The key is that web sites like eBay and Amazon and Craigslist don’t ever take possession of these counterfeit goods. The courts seem to be in the process of settling on a solution: that web sites have to remove listings when they’ve been given notice that the seller is up to no good. Usually, this means that the trademark owner comes by and says “hey, this is fake.”
This should sound familiar; if someone posts a copy of Iron Man to YouTube, Disney would send a DMCA takedown notice to YouTube. YouTube would escape liability for copyright infringement of any sort as long as it acts once it has notice of infringing content. (Also, eBay or Amazon would almost certainly be on notice if a listing was titled something like “Fake Rolex! $uper ¢heap!” In fact, eBay has an automated system that deletes listings like that.)

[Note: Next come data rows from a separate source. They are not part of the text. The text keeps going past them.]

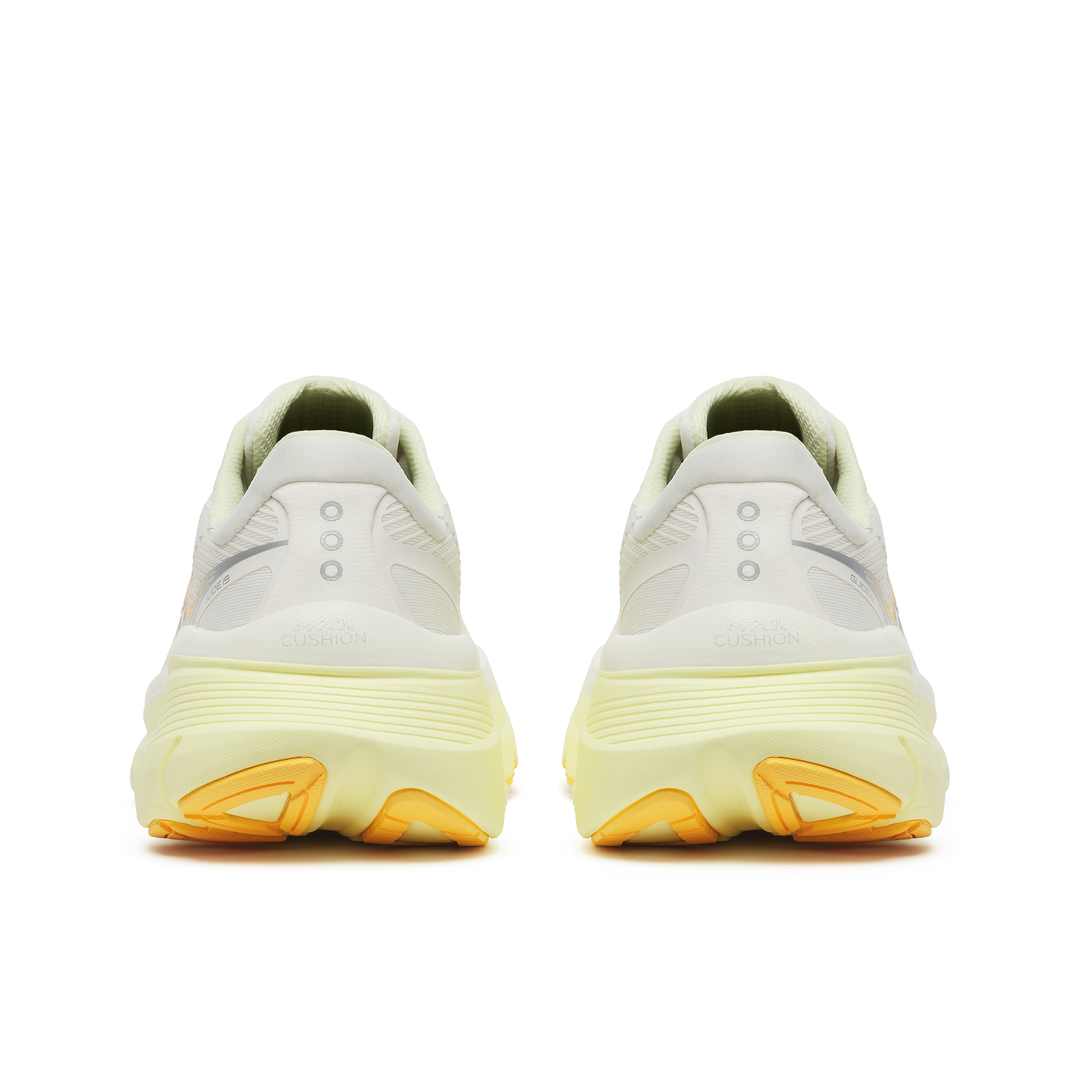 Saucony Womens Guide 19 – Elfenbein/Tender – Stabilität – SS26
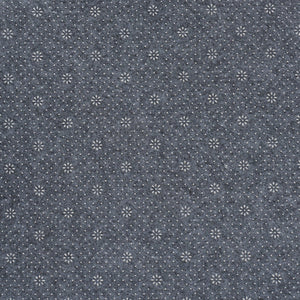 Safavieh Premium Low-Profile Grey Round Area Rug — Washable, Stain-Resistant Polyester, Subtle Pattern, Slip-Safe Finish 4'-0" x 4'-0" PAD230-4R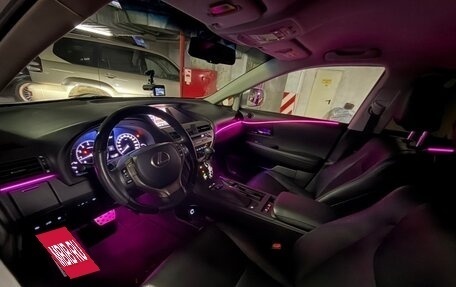 Lexus RX III, 2014 год, 3 200 000 рублей, 19 фотография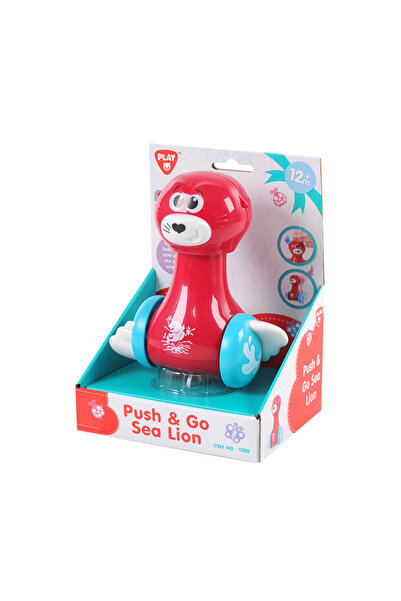 Play Go أسد البحر ادفع وانطلق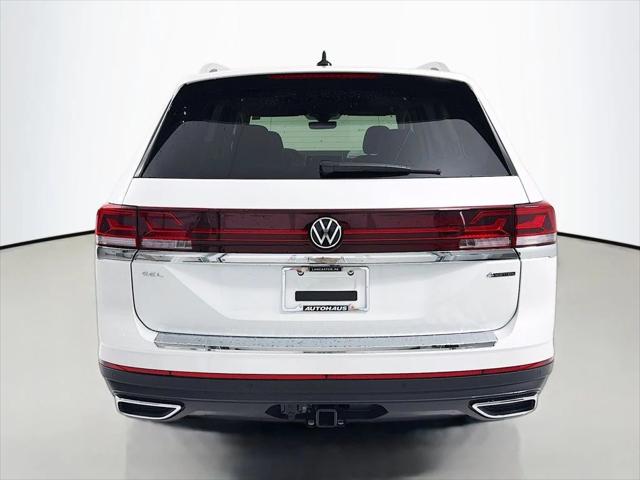2026 Volkswagen Atlas SEL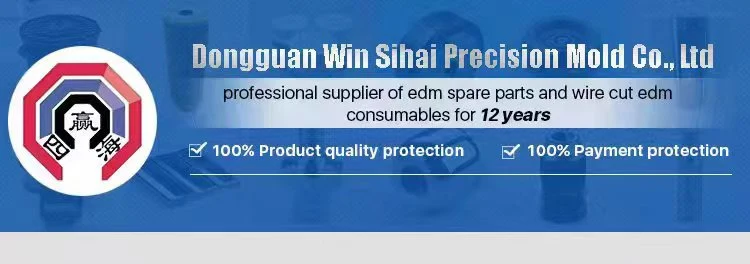 Seibu Wire Cut EDM Parts EDM Seal for Seibu M50AG Machine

Amazon took weeks to remove the counterfeit products, called the “Rotating Hot Iron Hair Straightener”, from its web site. In the Tiffany case, eBay removed about 75% of counterfeit listings from its site within four hours. Four hours! The remainder were all gone in less than 24 hours. eBay was apparently much, much better about policing its marketplace than Amazon was in the Tre Milano case.
A Shocking Twist
In the Tre Milano case, the counterfeit notices were useless. Plain and simple. Here’s Judge Rico:
[Amazon’s Copyright Compliance Officer] Garver had received numerous NOCIs from Tre Milano. He noted that “[w]hile a handful of these notices have contained evidence or some explanation of why Tre Milano claimed that a listing was for a counterfeit item, the vast majority have contained nothing but a statement like ‘the item is a counterfeit product that infringes the trademark owner’s rights’ … or ‘the item is an unlawful replica of a product made by the trademark owner’….
“As I have explained to Tre Milano, Amazon.com needs more evidence regarding the alleged infringement before it can assist Tre Milano in carrying out our common goal of preventing the sale of counterfeits.”
Okay. So that “weeks versus hours” thing sounds bad, but then you realize that Amazon was getting no help from the trademark owner, and things kind of click into place. Additionally, of the 159 notices of counterfeits that Tre Milano sent, 41% of the offending products were taken down before the notice even reached Amazon. Amazon might not have lived up to the extreme standard of the eBay case, but they were trying. And Tre Milano’s legal team didn’t seem to be helping their own case by providing one-sentence takedown requests.
Bringing It Home
So, back to Stoddard’s tale of Rina and the Amazon Brand Registry. I’m having a difficult time believing that Amazon is really dropping the ball so completely on his friend. Either Rina has completely fallen through the cracks of Amazon’s legal department, or someone is not telling the whole story to someone else.
Either that, or I’m about to make a killing selling counterfeit blog posts on Amazon. Who’s in? Free two-day shipping!